### ACTION ITEM
The required output is the lines below from the line containing "StarTech.com Adaptateur USB-C" to the line containing "Foldable Laptops Stand", inclusive, retyped exactly. No other lines belong in it.

### DATA FOR THE TASK

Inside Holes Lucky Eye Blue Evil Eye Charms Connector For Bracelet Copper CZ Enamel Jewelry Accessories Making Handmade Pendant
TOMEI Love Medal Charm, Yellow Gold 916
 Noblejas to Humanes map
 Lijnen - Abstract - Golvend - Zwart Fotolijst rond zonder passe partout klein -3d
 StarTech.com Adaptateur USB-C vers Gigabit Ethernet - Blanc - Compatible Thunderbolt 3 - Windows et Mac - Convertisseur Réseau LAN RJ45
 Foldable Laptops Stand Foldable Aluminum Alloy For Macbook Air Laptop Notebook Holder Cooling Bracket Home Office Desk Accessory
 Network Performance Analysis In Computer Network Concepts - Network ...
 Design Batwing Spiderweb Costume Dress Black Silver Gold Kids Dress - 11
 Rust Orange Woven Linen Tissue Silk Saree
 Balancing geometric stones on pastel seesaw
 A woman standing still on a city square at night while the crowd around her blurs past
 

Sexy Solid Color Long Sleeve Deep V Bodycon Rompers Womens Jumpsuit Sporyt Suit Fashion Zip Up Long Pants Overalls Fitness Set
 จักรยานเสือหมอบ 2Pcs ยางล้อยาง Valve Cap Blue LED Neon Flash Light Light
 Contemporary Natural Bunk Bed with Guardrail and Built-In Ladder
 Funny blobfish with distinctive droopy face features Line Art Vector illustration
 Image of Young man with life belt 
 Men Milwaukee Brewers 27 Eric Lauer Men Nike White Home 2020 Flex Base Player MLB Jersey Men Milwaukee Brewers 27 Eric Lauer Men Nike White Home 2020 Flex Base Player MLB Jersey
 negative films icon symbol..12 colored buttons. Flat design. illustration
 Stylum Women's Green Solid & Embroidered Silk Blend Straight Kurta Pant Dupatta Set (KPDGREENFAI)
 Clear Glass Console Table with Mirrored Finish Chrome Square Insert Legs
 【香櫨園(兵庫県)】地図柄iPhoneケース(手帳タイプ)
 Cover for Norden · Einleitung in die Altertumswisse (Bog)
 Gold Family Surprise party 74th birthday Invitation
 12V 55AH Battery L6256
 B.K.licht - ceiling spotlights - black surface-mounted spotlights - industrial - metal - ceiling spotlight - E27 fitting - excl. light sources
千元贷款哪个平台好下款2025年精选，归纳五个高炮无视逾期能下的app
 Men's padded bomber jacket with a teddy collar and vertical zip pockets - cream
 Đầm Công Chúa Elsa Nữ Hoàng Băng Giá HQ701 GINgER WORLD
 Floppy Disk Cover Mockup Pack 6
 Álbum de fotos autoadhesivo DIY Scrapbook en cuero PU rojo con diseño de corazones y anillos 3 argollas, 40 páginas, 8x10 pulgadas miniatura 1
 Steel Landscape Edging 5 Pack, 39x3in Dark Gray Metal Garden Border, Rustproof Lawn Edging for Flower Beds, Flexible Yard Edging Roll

### RESPONSE TO THIS TASK
 StarTech.com Adaptateur USB-C vers Gigabit Ethernet - Blanc - Compatible Thunderbolt 3 - Windows et Mac - Convertisseur Réseau LAN RJ45
 Foldable Laptops Stand Foldable Aluminum Alloy For Macbook Air Laptop Notebook Holder Cooling Bracket Home Office Desk Accessory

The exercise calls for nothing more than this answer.